Cryptocurrencies have attracted their fair share of scammers and fraudsters and, given that one of the primary roles of financial services regulators is to ‘maintain confidence in the financial markets’, it is easy to understand why regulators have been cautions about cryptocurrencies. However, what is encouraging is that overall (according to research carried out by Chainanalysis), the level of crypto-illicit activity is falling: “In 2019, illicit activity represented 2.1% of all cryptocurrency transaction volume or roughly $21.4 billion worth of transfers. In 2020, the illicit share of all cryptocurrency activity fell to just 0.34%, or $10.0 billion in transaction volume” For a copy of Chainanalysis’s 2021 report, click here.

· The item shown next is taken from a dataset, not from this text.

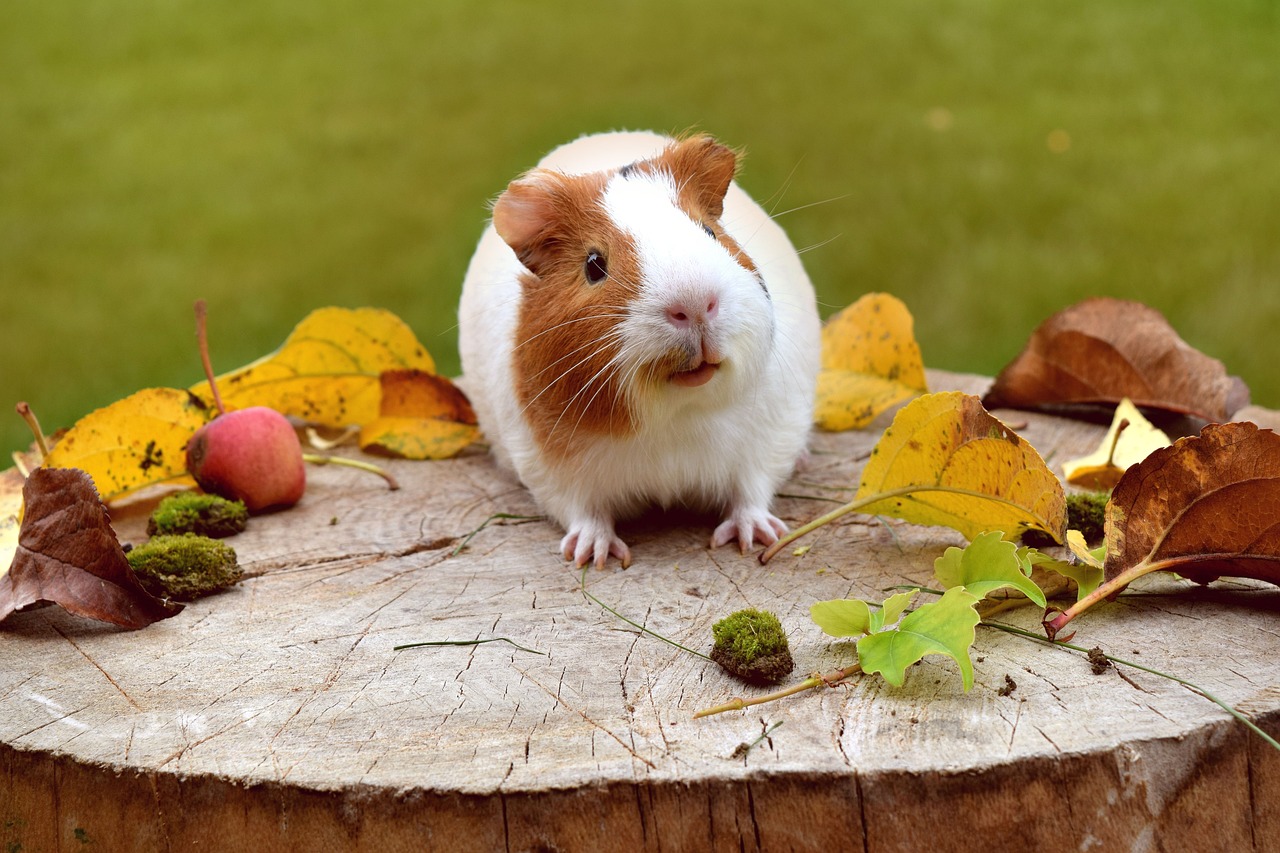 guinea-pig-cute-funny-1702972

Cryptocurrency frauds dip as DeFi Hacks continue to grow
Furthermore, research carried out by Ciphertrace (recently acquired by Mastercard) showed: “By July 2021, DeFi-related hacks totalled $361 million, already making up three quarters of the total hack volume this year… DeFi-related fraud accounted for 54% of major crypto fraud volume, whereas last year DeFi-related fraud only made up 3% of the year’s total.” Could this rise in the amount of DeFi-related fraud be due to the fact that there has been a surge in interest in DeFi? After all, the number of people who have opened DeFi accounts has soared…

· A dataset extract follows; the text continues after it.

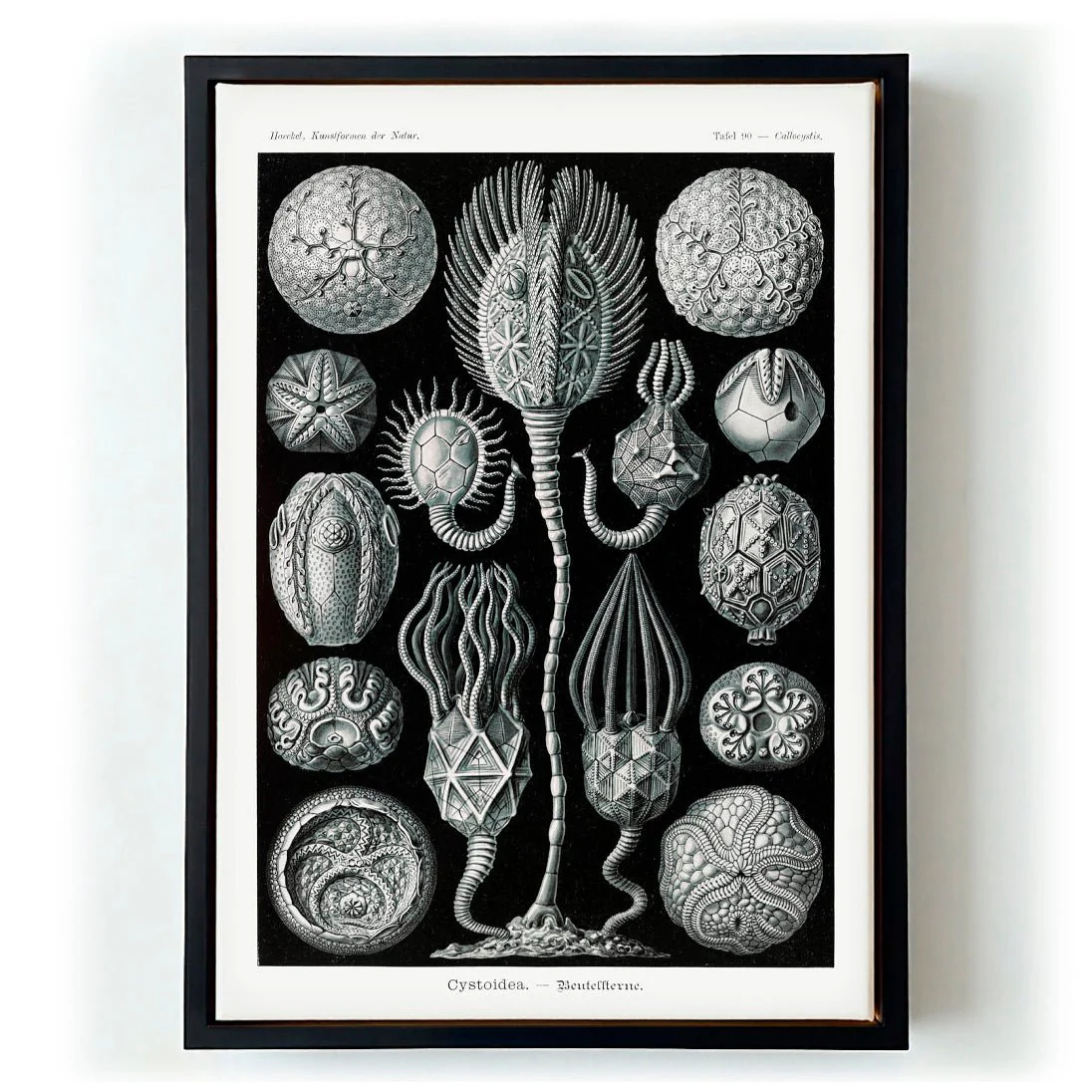 Cystoidea by Ernst Haeckel - Image 5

How DeFi users have increased globally
The rise of ransomware attacks, including the one on the Colonial Pipeline which shut down one of key pipelines supplying petrol and aviation fuel to the eastern seaboard in the US, has led to the Department of Justice creating the Ransomware and Digital Extortion Task Force. This task force has successfully managed to retrieve most of the ransom paid due to one of the key advantages of Blockchain technology. In the event of ransom demands stipulating payment using a public blockchain, such as Bitcoin, all transactions can be viewed on the chain whereby enabling any persons to track and trace the funds. In addition, it is possible to identify which digital exchange has been used and so help tie Bitcoin addresses to real people and locations across the globe. This is a far cry from the traditional ransoms which were demanded in cash, gold or diamonds – all of which are almost impossible to trace since a suitcase of such a ransom leaves no digital footprint for investigators to follow.

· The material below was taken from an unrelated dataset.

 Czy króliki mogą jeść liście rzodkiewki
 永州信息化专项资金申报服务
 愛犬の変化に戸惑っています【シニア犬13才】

Given the rising profile and adoption in terms of the use of Digital Assets, a number of organisations are now offering Anti Money Laundering (AML) services to help identify the source of Digital Assets and, in some cases, help identity fraudulent activity or even track and trace funds in the event of a scam or fraud. Such organisations include: • Alaco anayltics
A key factor for different jurisdictions trying to crack down on the potential for fraud in the Digital Assets sector is to introduce more regulation. In the UK, firms can only deal in cryptocurrencies if they have temporary registration or have been accepted onto the FCA Crypto register. In South Korea, which a couple of years ago was one of the most active nations in terms of turnover and trading of cryptos, the Korea Internet and Security Agency (KISA) has specified that operating Digital Asset exchanges are required to have a license by 28th September 2021. This is likely to result in a number of exchanges having to close as only 28 exchanges (out of the 63) operating in the country had received the necessary licenses. In the US, Securities and Exchange Commission (SEC) Chairman, Gary Gensler, believes crypto trading platforms must register with the SEC and is therefore urging regulations to be changed. Meanwhile, the Russian cyber security business, Kaspersky (set up in 1997), has identified four common scams and has advice for people so as to help them not become the victims of fraud and scams:
• “do not follow dubious links from letters, messages in messenger apps and social networks • be critical of extremely generous online offers
• download applications from official stores only
• use a security solution that protects against phishing, scams, and prevents the installation of malicious applications
• take extra precautions before purchasing a product in an online store if the company is unknown. It is better to study on special WHOIS-sites information first about how long the domain has existed and who its owner is: if it is completely fresh and registered to a private person, you should not purchase from them.”
Where money exists, it will always incur scams and frauds. The world of Digital Assets is no different and it could be argued that the current nefarious activities are simply the growing pains of an asset class which is undoubtedly gaining more exposure and adoption in today’s world.